Мария Трофимовна давно, еще до войны, закончила учительский техникум, вышла замуж за военного и, хотя в те годы разводы были редкостью, меньше чем через год разошлась с мужем и вернулась в родную деревню. Теперь, когда она так долго прожила в деревне, она стала снова обычной деревенской женщиной, только одевалась более модно, потому что чаще ездила в районный город и не могла и не хотела отставать от таких же, как и она, учительниц.
Она держала корову, кур, поросенка, управлялась с хозяйством самостоятельно, учительская зарплата для нее была подспорьем, а не основным заработком. Не выбросив дедовых сундуков, она купила лакированный немецкий шифоньер, раскладной диван-кровать и громадный торшер, который зажигался только для гостей. За стеклом серванта у нее хранились подшивки журналов «Семья и школа» и «Пионер», на стенах были развешаны репродукции картин русских художников. Рядом висели фотографии, на деревенский манер собранные в большие рамы под стеклом, их можно было рассматривать бесконечно, как мозаику. Наташка пыталась угадывать родственников.
— Дед?
Семен подтверждал. Дед был совсем молодым, лет двадцати с небольшим. Надменно вздернутый подбородок, погоны прапорщика, на узкой груди с трудом умещались четыре георгиевских креста.

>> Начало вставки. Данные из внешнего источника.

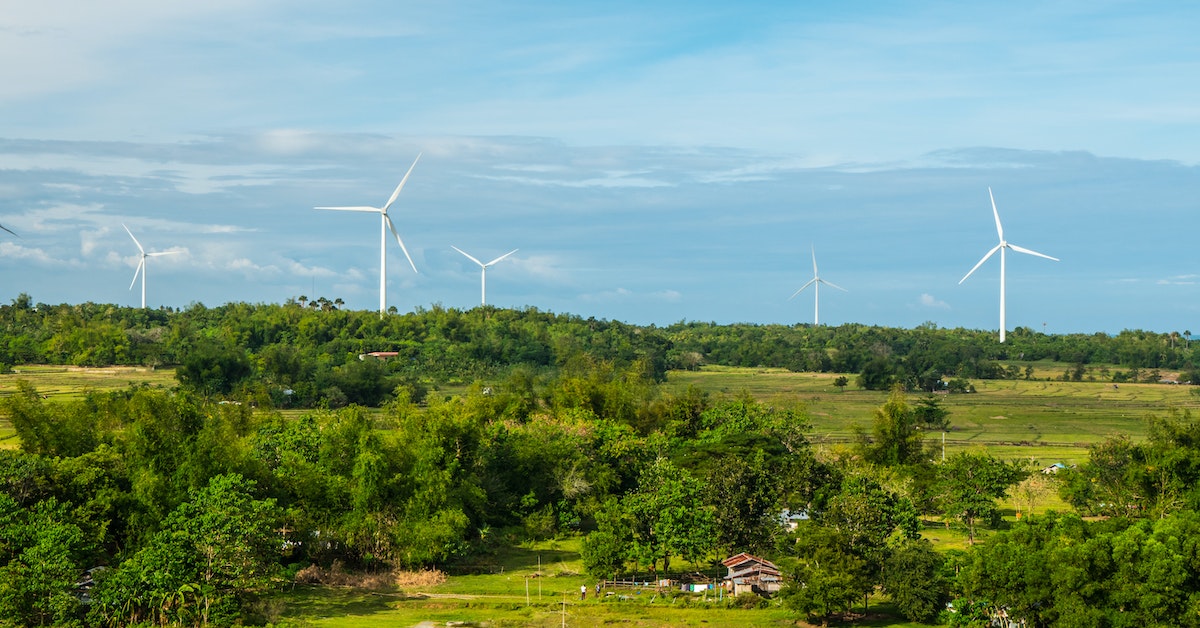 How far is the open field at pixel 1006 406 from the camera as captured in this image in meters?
102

— Он был маленького роста? — спрашивала Наташка.
— Как ты угадала?
— Маленькие мужчины всегда хотят казаться выше и задирают голову перед фотоаппаратом по привычке. Ты вот высокий, поэтому, наоборот, сутулишься.
— Отец? — угадывала она.
— Нет. Муж Марии Трофимовны.
— Мать?
— Тетка, у которой я жил.
Она отыскала мать. Мать была снята на фоне полотна с нарисованными пальмами. Она сидела на высоком табурете в крепдешиновом платье с приколотой большой искусственной розой и, наверно, с трудом сдерживалась, чтобы не улыбнуться.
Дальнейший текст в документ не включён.